Now, this is not a binding agreement and it does not have a timeline. But if you don’t follow climate change discourse (don’t blame you, it’s awful. This blog is all you need, right?) this is a quantum leap in how climate change is discussed. The decline of fossil fuels, thought unimaginable a few years ago, is now agreed upon in principal and the world is bracing to undergo a remarkable shift to prevent the worst of climate change. This agreement, while flawed and with some loopholes, to be sure, is tremendous progress.

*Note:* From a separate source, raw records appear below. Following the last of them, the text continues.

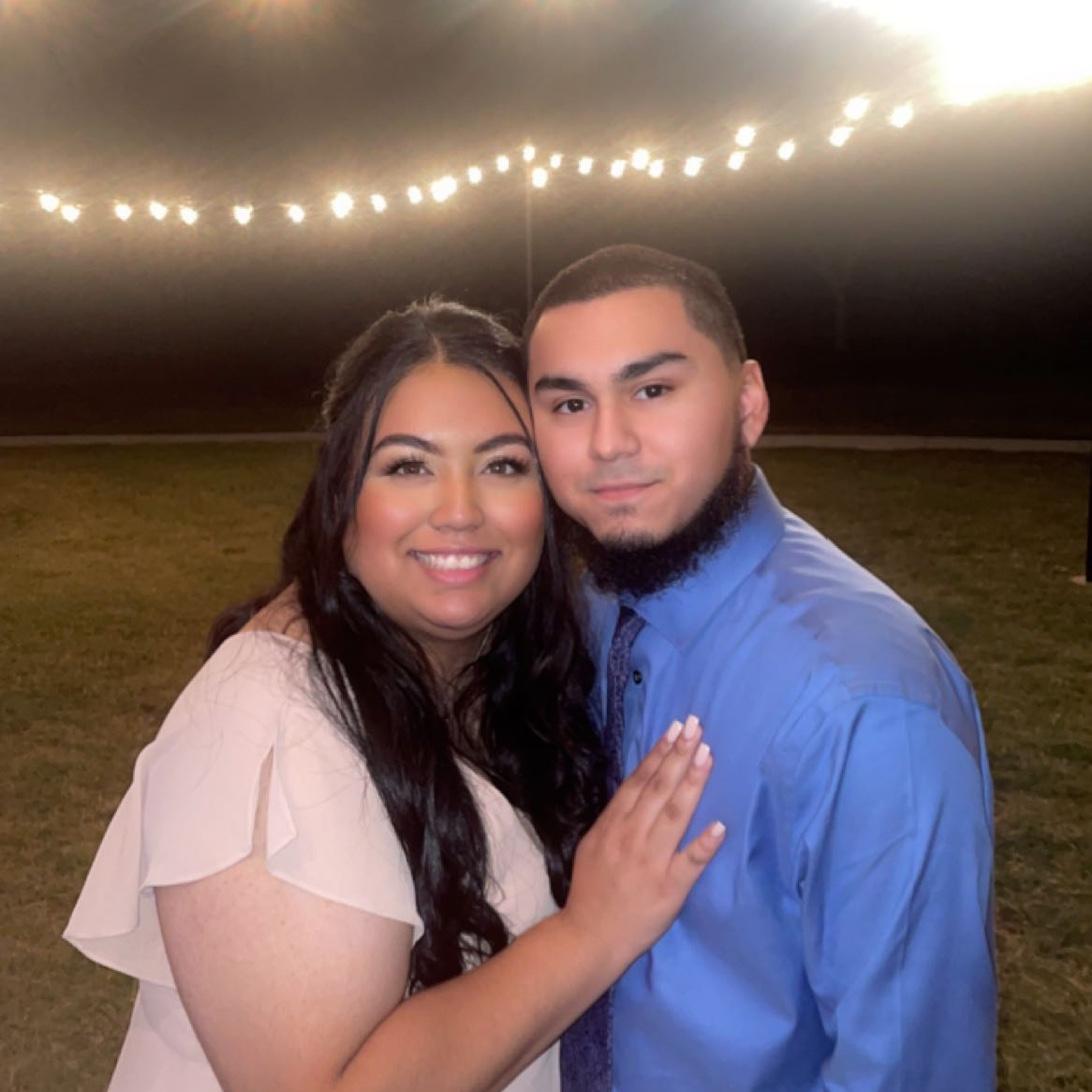 October 16, 2022 

Stephanie’s Wedding💍🎂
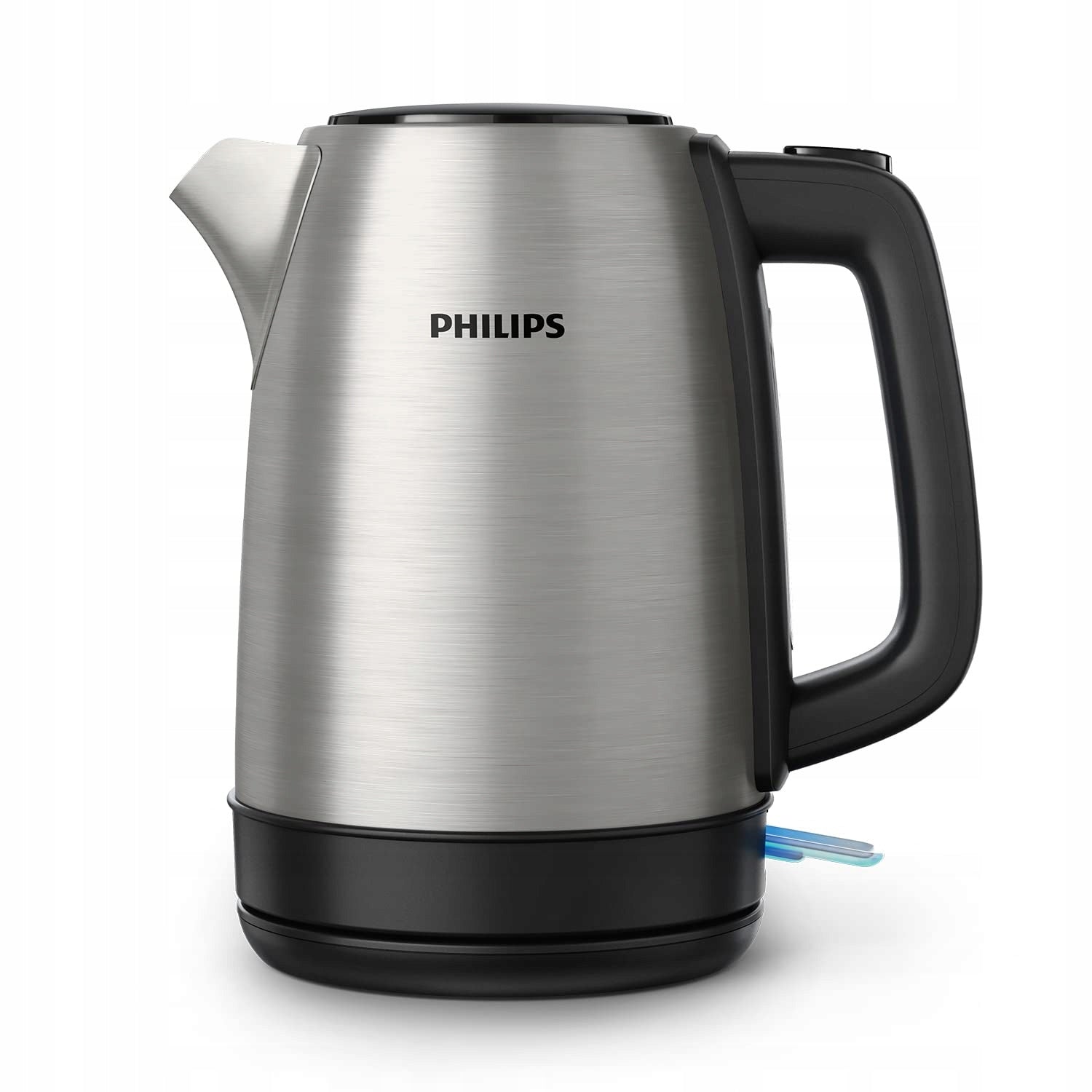 Electric kettle Philips HD9350/90 2200 W 1,7 l silver/grey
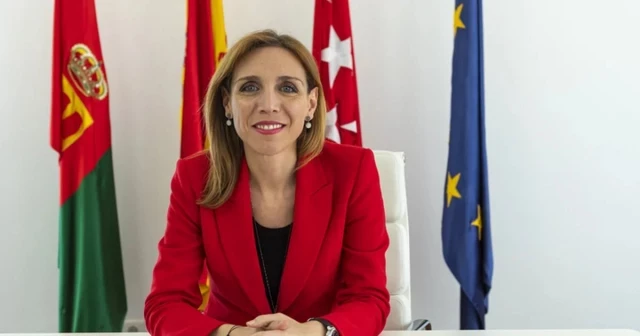 Candelaria Testa, alcaldesa de Alcorcón: “La Comunidad de Madrid considera a la vivienda un bien de mercado con el que especular”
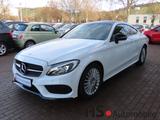 Mercedes-Benz C 180 Coupe - Mercedes-Benz C-Klasse Gebrauchtwagen in Stuttgart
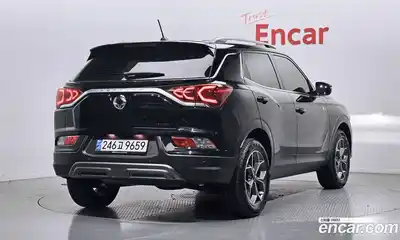 SsangYong Korando 2025 1.5 гидро в Москве № 1832628, миниатюра 2
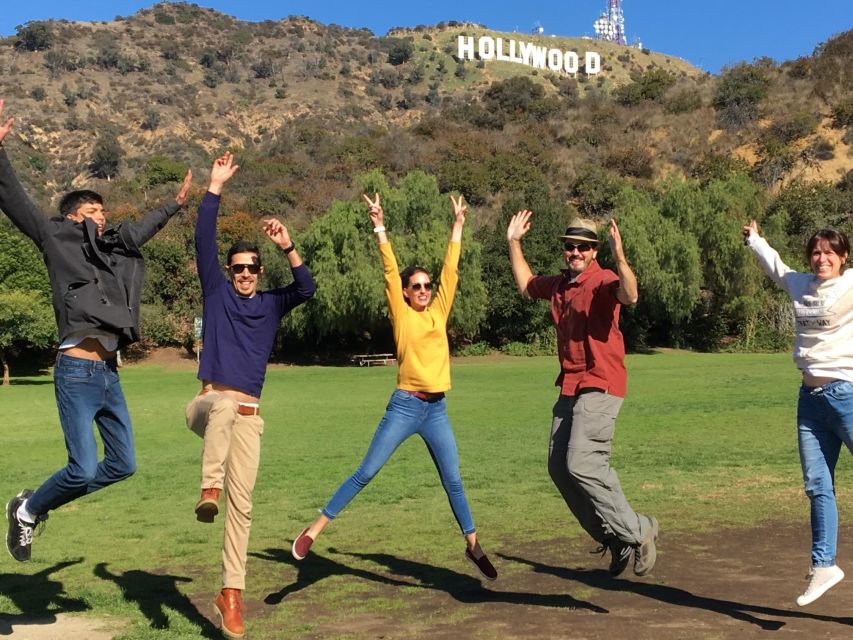 Los Angeles: The Ultimate LA & Hollywood Photo Tour - Transportation comfort in a city that’s always in motion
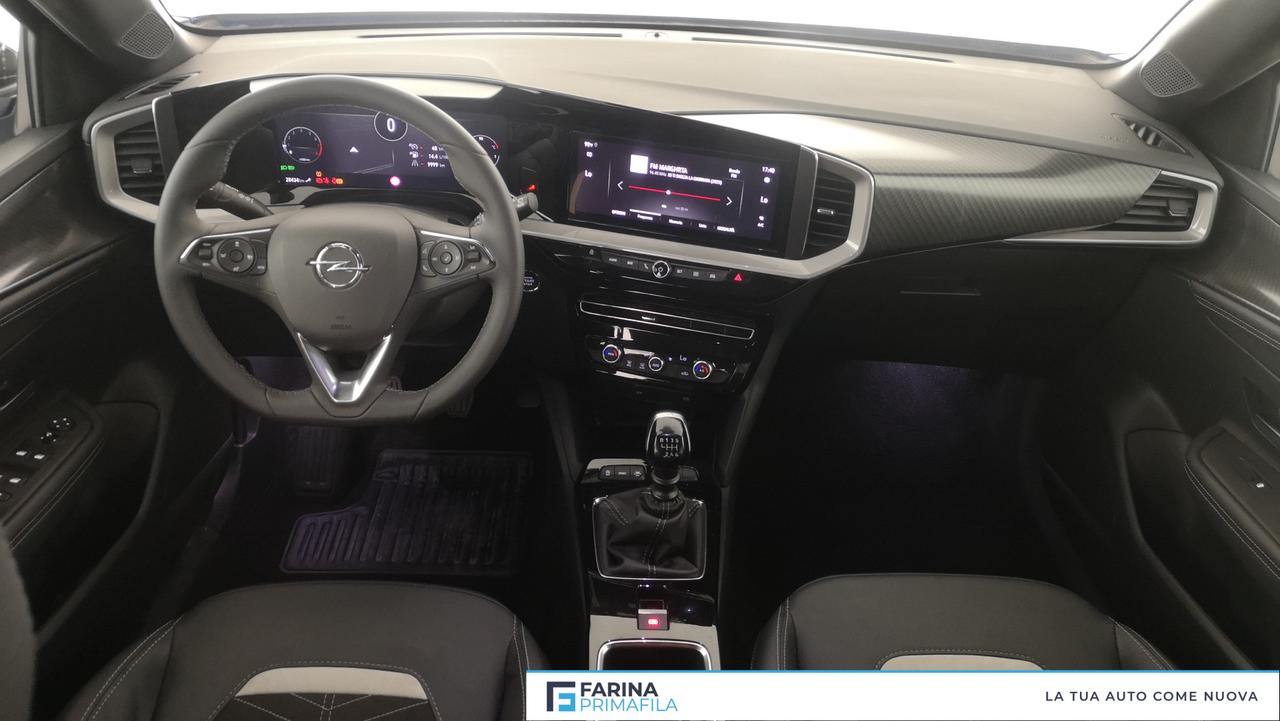 OPEL Mokka II 2020 - Mokka 1.2 t Ultimate s&s 136cv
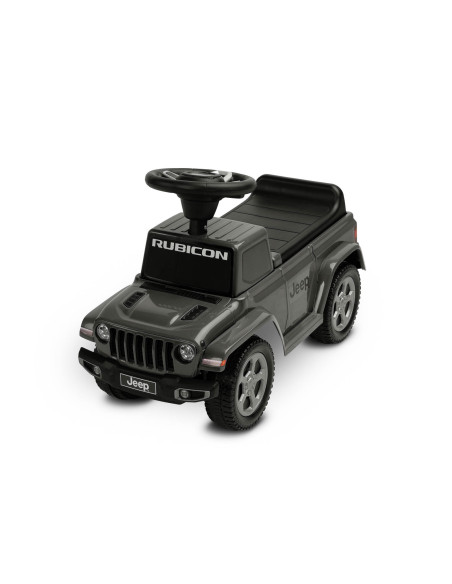 Jucarie ride-on Toyz JEEP RUBICON Gri,TOYZ-2593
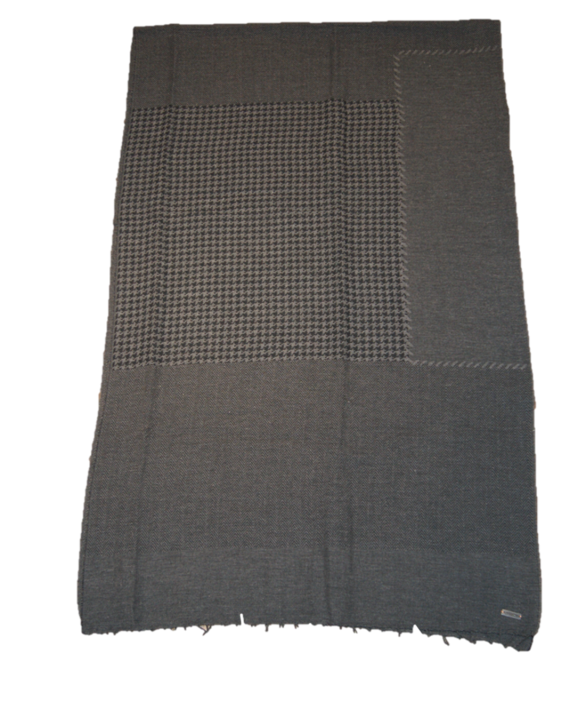BOSS ORANGE SCHAL NET FARBE SCHWARZ 001 BOSS ORANGE SCHAL NET FARBE SCHWARZ 001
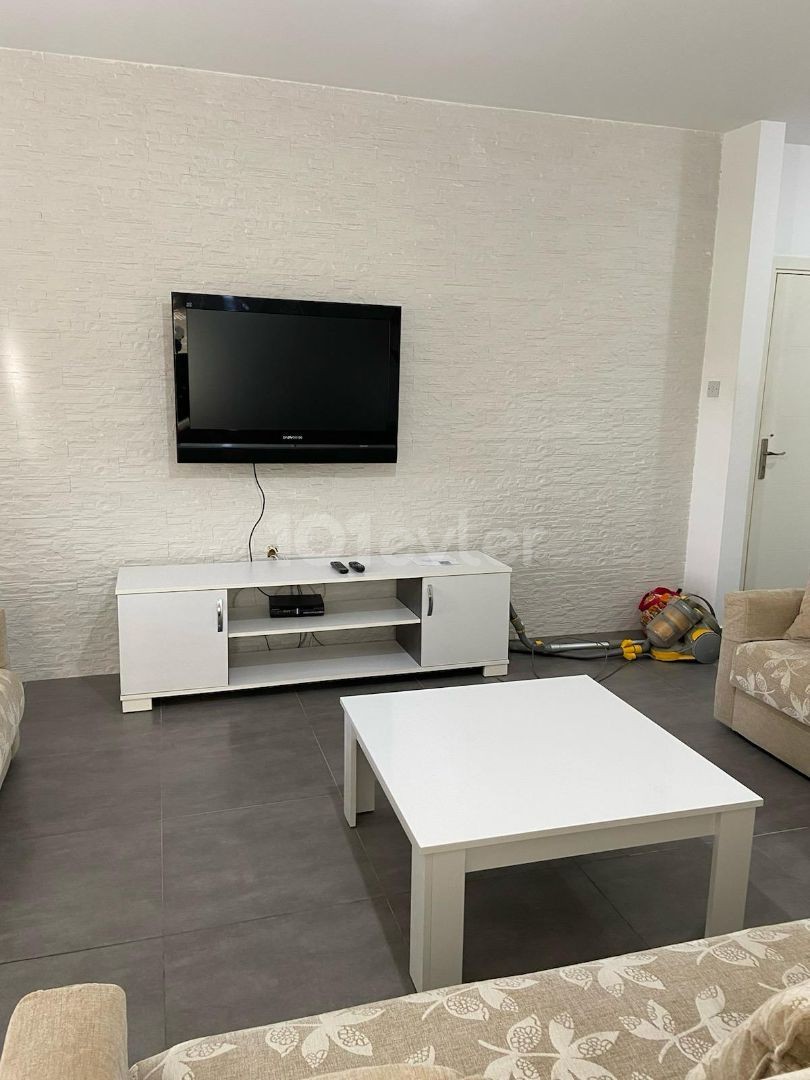 2+1 FURNISHED FLAT FOR RENT IN NICOSIA/HAMİTKÖY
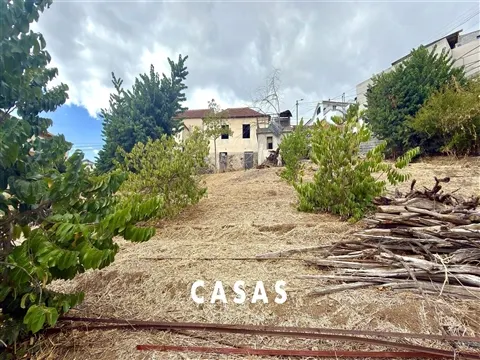 Terreno com Vista Mar na Ponta do Sol – Canhas | 2.147 m²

So yeah, ignore most climate change commentators. Like I said, they’re a sour and reactive bunch. Our struggle with climate change has never been taken so seriously and has never been addressed so clearly as it was at COP 28. Fossil fuel producers have never looked so backwards and pathetic, as a nice bonus. If the required action follows this agreement, still a big if, then in a hundred years or so, climate change may be one of those great challenges in the rearview mirror of humanity, confined to little more than our history books. Which is not to say it will be easy and that there won’t be loss and sacrifice, there will be. But the future has never looked better in terms of climate commitment. Now we just have to do an extraordinary amount of very well-coordinated and hard work to make it happen.
You are right, this blog is all I need on the topic. Read with interest!